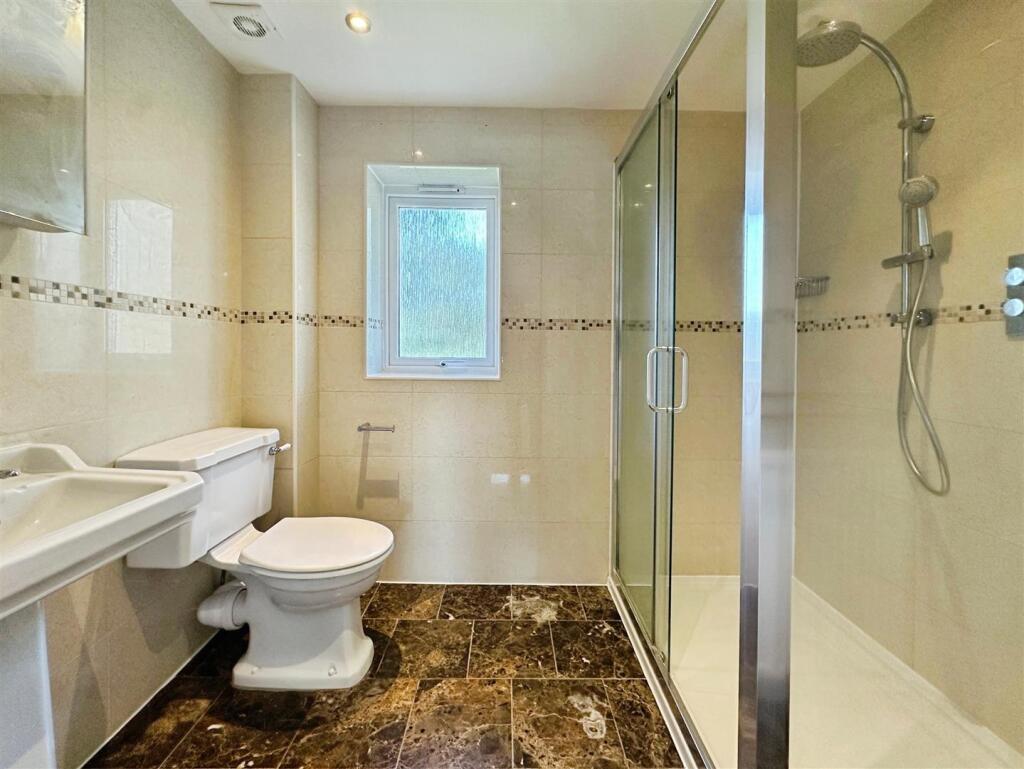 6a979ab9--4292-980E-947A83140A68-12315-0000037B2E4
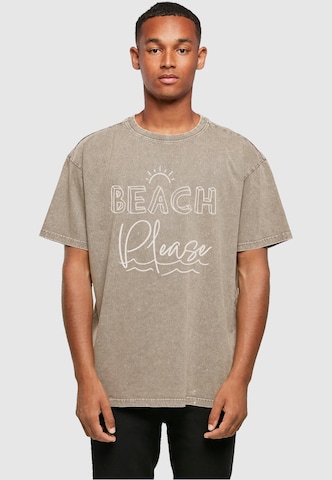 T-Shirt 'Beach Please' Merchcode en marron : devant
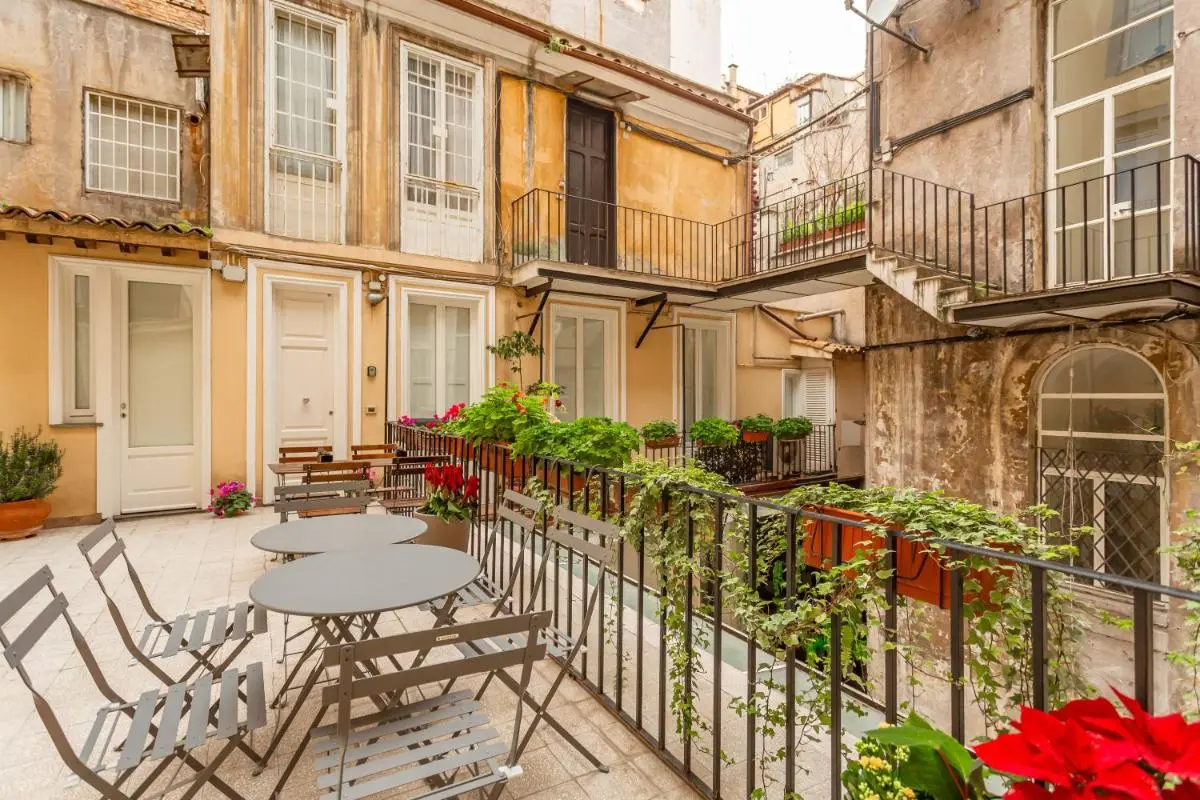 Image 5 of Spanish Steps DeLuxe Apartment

▶ **EXERCISE AIM**
A faithful copy is needed of the lines from the one containing "T-Shirt 'Beach Please'" through the last line of the data above, with pictures left out.

▶ **ANSWER AREA**
 T-Shirt 'Beach Please' Merchcode en marron : devant
 Image 5 of Spanish Steps DeLuxe Apartment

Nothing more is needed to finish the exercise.